Todos serão revistados na entrada. Só uma empresa de fast-food poderá vender seus produtos nos estádios. E a proibição de bebidas alcoólicas nos campos, que vigora hoje no Brasil, será quebrada em prol da marca de uma cerveja made in USA.

Comenta o prestigioso jornal Le Monde Diplomatique: "A recepção de um megaevento esportivo como esse autoriza também megaviolação de direitos, megaendividamento público e megairregularidades".

A Fifa quer, simplesmente, suspender, durante a Copa, a vigência do Estatuto do Torcedor, do Estatuto do Idoso e do Código de Defesa do Consumidor. Todas essas propostas ilegais estão contidas no Projeto de Lei nº 2.330/2011, que se encontra no Congresso. Caso não seja aprovado, o Planalto poderá efetivá-las via medidas provisórias.

Se você fizer uma camiseta com os dizeres "Copa 2014", cuidado. A Fifa já solicitou ao Instituto Nacional de Propriedade Industrial (Inpi) o registro de mais de mil itens, entre os quais o numeral "2014".

(Não) durmam com um barulho deste: a Fifa quer instituir tribunais de exceção durante a Copa. Sanções relacionadas à venda de produtos, uso de ingressos e publicidade. No projeto de lei acima citado, o artigo 37 permite criar juizados especiais, varas, turmas e câmaras especializadas para causas vinculadas aos eventos. Uma Justiça paralela!

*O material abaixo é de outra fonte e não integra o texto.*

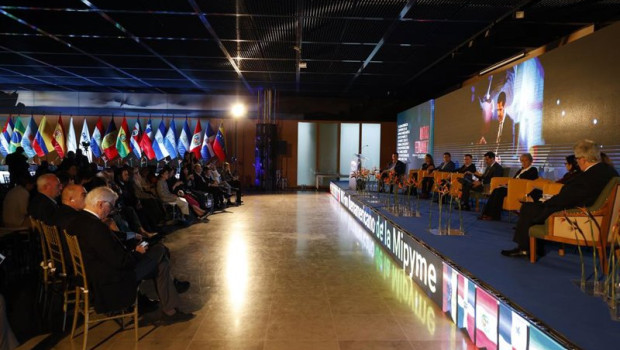 ep un foro durante la segunda jornada del vii foro iberoamericano de la mipyme en el hotel taoro del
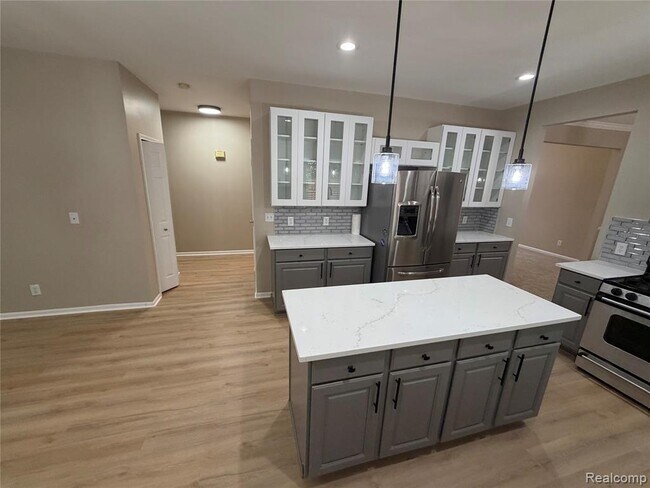 Building Photo - 27424 Rosewood Ct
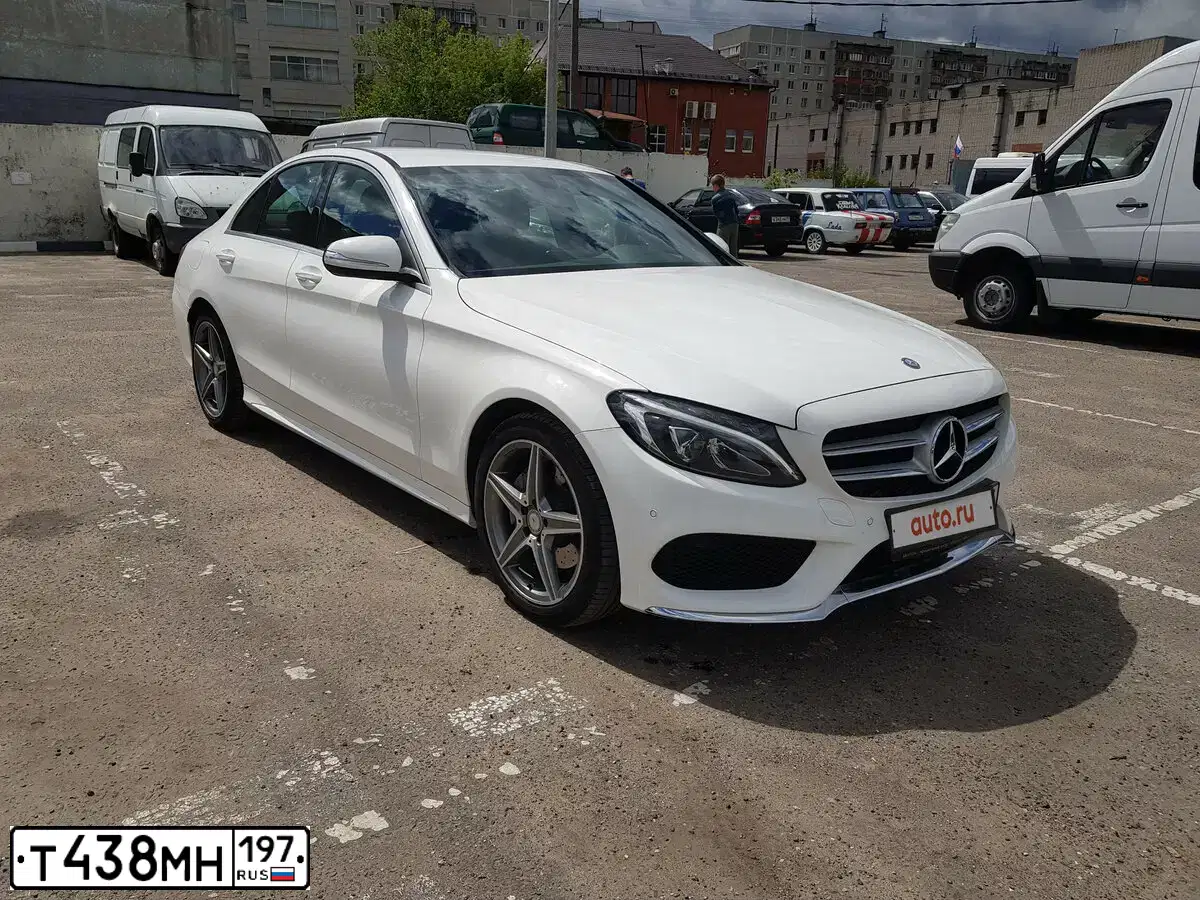 Фото автомобиля MERCEDES C-KLASSE, 2014 — госномер Т438МН197. Цвет: Белый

Na África do Sul, foram criados 56 Tribunais Especiais da Copa. O furto de uma máquina fotográfica mereceu 15 anos de prisão! E mais: se houver dano ou prejuízo à Fifa, a culpa e o ônus são da União. Ou seja, o Estado brasileiro passa a ser o fiador da entidade em seus negócios particulares.

É hora de as torcidas organizadas e de os movimentos sociais porem a bola no chão e chutarem em gol. Pressionar o Congresso e impedir a aprovação da lei que deixa a legislação brasileira no banco de reservas. Caso contrário, o torcedor brasileiro vai ter que se resignar a torcer pela tevê.